Feel free to argue or respond or anything - I'm honestly not trying to be offensive or hostile, but I don't know how my tone conveys emotion over text so if I am, tell me to shut up. Have a nice day everyone!

That is true too, but if that's the case, let's say someone posts a rape fic, all they would need to post is that it encompasses rape. Yes, I would know there's rape in the story, but I wouldn't know the specifics, therefore not spoiling the story. Disclaimers are fine, not definitive spoilers like trigger warnings.

Good point though. Thanks for the response!

Exactly. A good two to three sentences should do the trick. Heck, if the author wants to still imply certain fetishes, they could use a bit of "wording" to evoke those fetishes. Yes, it would require them to understand the implications, but if the author makes it blunt enough without stating it, it would be much better, since you're making the reader figure it out, hence not spoiling the story for everyone else.

By the way, as mentioned before, it doesn't just work for fetishes alone.
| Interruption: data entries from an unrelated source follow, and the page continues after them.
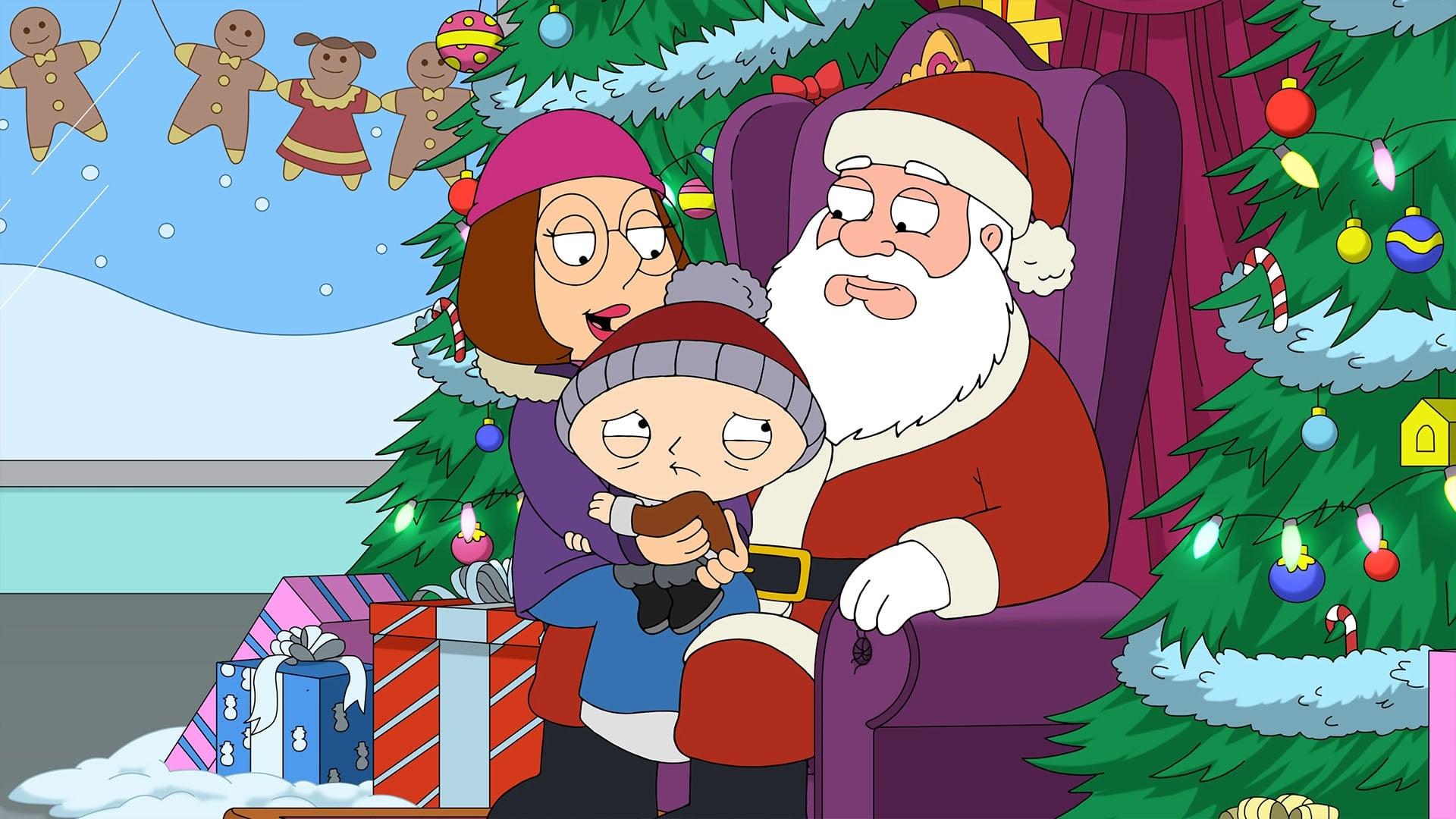 Still from Christmas Is Coming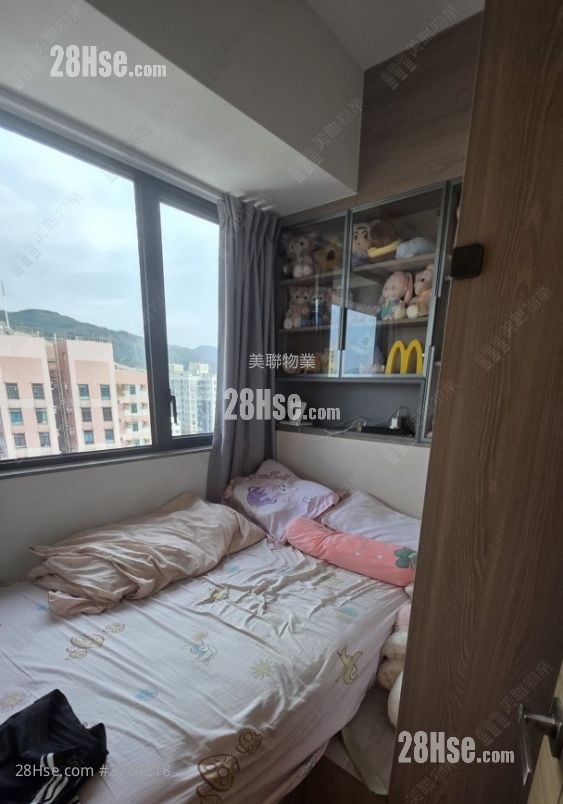 滙都 售盘 1 房 , 1 浴室 320 平方尺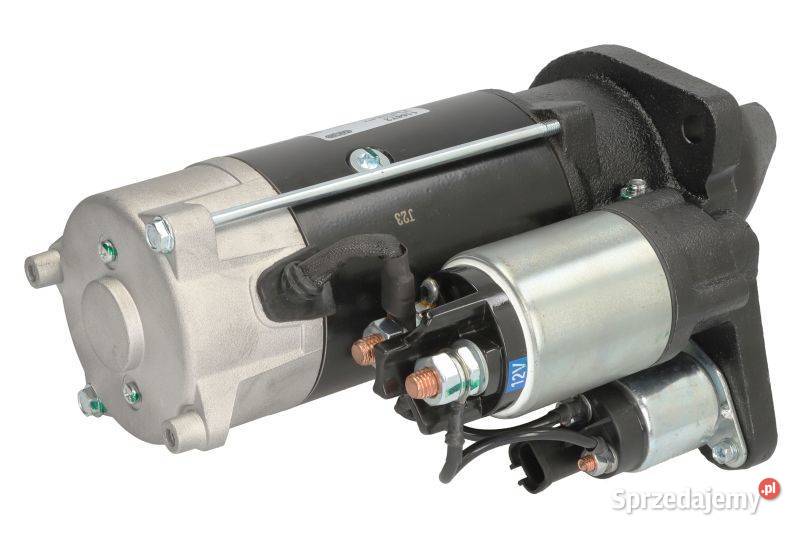 Fendt Farmer Rozrusznik 12V 4kW śląskie Częstochowa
Other concepts such as event ordering, characters, heck, even concepts like bullying or plagues can be put in this situation. Just easy to explain with fetishes, since that is the most common story track that gets this sort of treatment.


As pretty much every product marketing course on earth will tell you, "Expectation is 90% of happiness".

Yep. Advertising at its finest. Don't you love it?

But I digress, I really like this comment. The author believes that if they set certain trigger warnings, it would ward off "haters" and essentially make those who are into said "warnings" on their story. Problem is that it makes their stories targets of those who dislike said warnings, hence making that whole warning system worthless. Instead, they should use disclaimers, and word said disclaimers in a way that does not spoil the story.

Advertise what you may, but do not advertise to expect me to like everything. :raritywink:

Yes, that's a good way to solve it without spoiling. Thanks for responding! It's funny how, with these types of posts, people respond so coherently and uniquely and we see all the different viewpoints. It really allows for a good discussion without resorting to flinging petty insults and repeating old arguments. It makes me glad to see proper discussion without the youtube-like comments. I'll keep your suggestion in mind the next time I read Fanfiction.


It makes me glad to see proper discussion without the youtube-like comments.

Welcome back to the reformed Soaring blogs, It's been a while. :rainbowlaugh:

4137555 Ah. So I should remove that?